De certeza absoluta que nos amamos mais um ao outro do que
te amamos a Ti. Sabemos que isto não está certo. Mas foste Tu que nos fizeste
assim. Admite: deste-nos liberdade de mais. Foste presunçoso: pensaste que Te
escolheríamos sempre primeiro. Enganaste-Te. Quando inventaste o amor,
esqueceste-Te de que seria mais popular entre os seres humanos do que entre os
seres humanos e Tu. Por uma questão de tangibilidade. E, desculpa lá, de
feitio. Tu, Deus, tens o pior das arrogâncias feminina e masculina. Achas que
só existes Tu. Como Deus, até é capaz de ser verdade. Mas, para quereres ser um
Deus real e humanamente amado, tens de aprender a ser um amor secundário.
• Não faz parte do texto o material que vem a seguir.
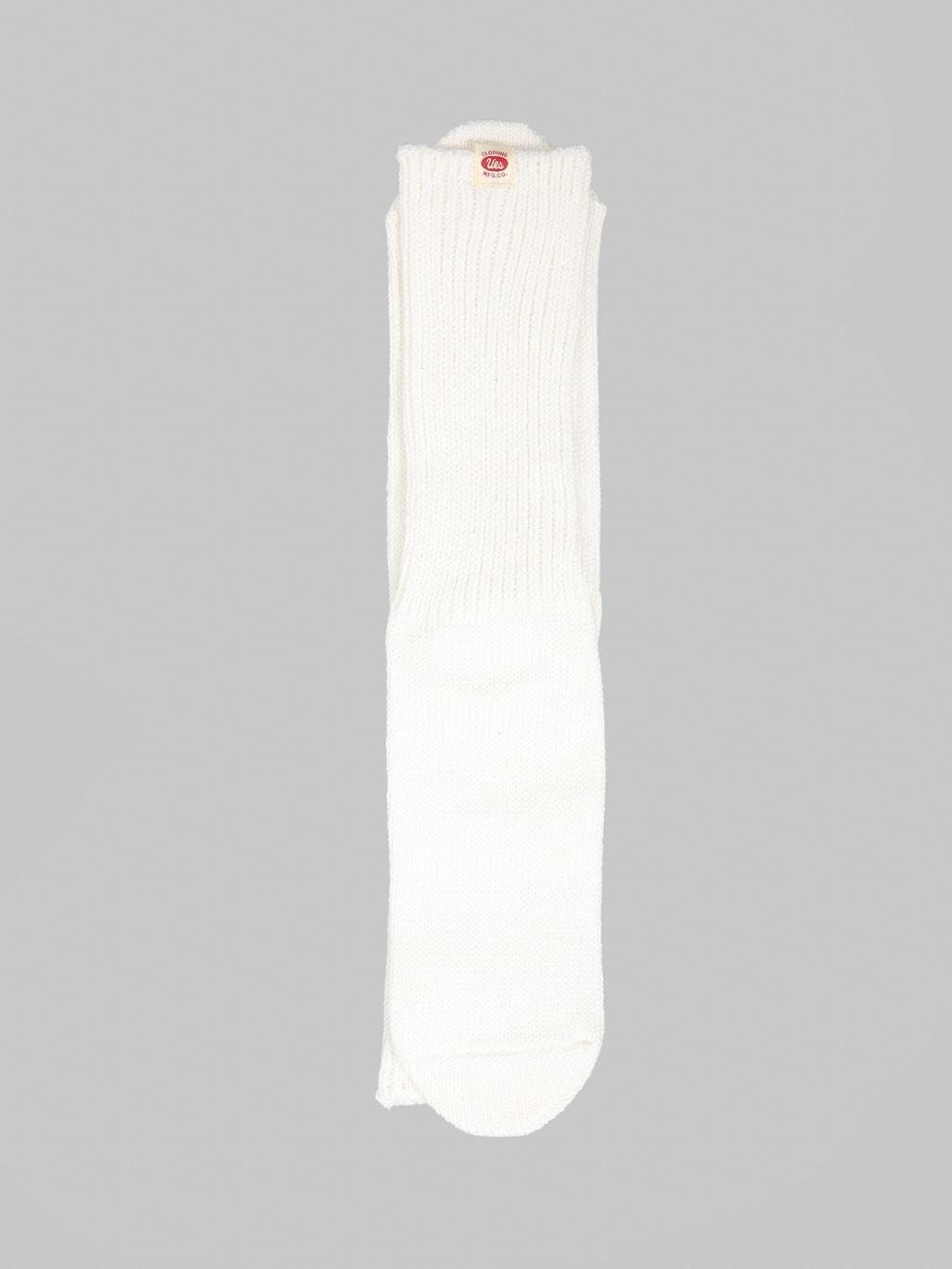 Crew Length Socks White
Sabemos que és Tu que mandas e acreditamos que há uma razão para tudo o que
fazes, mesmo quando toda a gente se lixa, porque não nos deste cabeça para Te
compreender. Esta deficiência foi uma decisão tua: não quiseste dar-nos a
inteligência necessária.
Mas deste-nos cabeça suficiente para Te dizer, cara a cara,
que nos preocupamos mais com os entes amados do que contigo. Ajuda a Maria
João, se puderes.
Se não puderes, não dificultes a vida a quem pode ajudar.
Faz o que só um Deus pode fazer: reduz-te à tua significância. Que é tão
grande".
Grande Miguel Esteves Cardoso! Quanto mais leio mais quero ler.